**What the task requires:** Calculate how many lines in the following records hold the word "Jacobs", and report that number without comment.

**Provided records:**
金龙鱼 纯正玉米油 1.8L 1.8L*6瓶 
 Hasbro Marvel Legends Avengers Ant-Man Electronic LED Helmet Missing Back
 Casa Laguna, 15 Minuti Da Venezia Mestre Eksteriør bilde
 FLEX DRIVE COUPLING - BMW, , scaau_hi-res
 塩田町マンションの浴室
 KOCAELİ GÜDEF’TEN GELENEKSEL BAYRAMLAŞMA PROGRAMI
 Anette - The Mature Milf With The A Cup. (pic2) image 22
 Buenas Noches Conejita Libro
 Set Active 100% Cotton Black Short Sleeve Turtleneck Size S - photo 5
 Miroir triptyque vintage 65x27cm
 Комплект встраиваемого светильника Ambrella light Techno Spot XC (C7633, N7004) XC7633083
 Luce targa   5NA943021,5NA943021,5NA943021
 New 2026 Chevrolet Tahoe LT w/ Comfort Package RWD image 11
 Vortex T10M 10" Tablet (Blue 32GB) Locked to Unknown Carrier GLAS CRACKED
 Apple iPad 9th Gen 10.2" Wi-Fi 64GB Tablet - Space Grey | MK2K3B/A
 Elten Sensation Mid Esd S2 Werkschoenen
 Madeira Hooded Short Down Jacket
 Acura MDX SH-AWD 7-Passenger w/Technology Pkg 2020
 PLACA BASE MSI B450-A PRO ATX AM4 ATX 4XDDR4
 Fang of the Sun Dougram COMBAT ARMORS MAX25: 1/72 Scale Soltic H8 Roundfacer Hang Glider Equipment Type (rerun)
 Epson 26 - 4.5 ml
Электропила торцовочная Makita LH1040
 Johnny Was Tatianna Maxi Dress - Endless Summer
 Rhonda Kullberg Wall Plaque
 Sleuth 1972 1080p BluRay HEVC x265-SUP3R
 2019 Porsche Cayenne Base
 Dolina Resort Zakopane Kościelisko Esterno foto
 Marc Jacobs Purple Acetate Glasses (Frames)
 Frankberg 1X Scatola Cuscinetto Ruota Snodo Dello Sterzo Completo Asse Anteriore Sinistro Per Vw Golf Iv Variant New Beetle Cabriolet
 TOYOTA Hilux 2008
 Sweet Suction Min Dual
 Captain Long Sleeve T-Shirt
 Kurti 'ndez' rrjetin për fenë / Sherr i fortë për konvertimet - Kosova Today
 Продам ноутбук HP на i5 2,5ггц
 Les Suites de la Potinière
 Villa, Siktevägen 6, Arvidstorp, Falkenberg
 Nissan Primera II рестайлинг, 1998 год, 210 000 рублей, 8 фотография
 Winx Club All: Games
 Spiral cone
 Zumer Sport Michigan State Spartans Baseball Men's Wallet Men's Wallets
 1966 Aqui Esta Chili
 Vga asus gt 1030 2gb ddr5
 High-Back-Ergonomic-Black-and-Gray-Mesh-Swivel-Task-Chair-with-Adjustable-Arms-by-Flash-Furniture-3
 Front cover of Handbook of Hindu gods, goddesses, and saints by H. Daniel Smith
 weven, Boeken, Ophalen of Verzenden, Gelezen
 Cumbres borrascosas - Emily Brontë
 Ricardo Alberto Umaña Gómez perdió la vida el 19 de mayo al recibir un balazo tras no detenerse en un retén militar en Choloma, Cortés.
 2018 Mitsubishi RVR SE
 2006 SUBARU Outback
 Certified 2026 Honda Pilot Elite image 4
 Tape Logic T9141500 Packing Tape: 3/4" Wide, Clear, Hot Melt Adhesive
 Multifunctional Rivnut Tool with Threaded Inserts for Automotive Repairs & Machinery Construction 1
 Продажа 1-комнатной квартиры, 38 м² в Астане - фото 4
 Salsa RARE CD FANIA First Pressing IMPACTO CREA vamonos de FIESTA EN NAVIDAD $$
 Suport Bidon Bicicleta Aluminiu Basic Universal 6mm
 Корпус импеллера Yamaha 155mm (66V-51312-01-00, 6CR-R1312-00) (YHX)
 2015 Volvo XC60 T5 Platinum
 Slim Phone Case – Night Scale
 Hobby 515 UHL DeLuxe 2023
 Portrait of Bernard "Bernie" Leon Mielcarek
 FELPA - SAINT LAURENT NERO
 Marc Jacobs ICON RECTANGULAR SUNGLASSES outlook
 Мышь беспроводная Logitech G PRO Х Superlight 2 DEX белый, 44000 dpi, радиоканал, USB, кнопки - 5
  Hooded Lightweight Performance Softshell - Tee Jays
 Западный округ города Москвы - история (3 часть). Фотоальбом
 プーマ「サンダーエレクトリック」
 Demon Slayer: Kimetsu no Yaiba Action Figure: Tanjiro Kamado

**Written response:** 2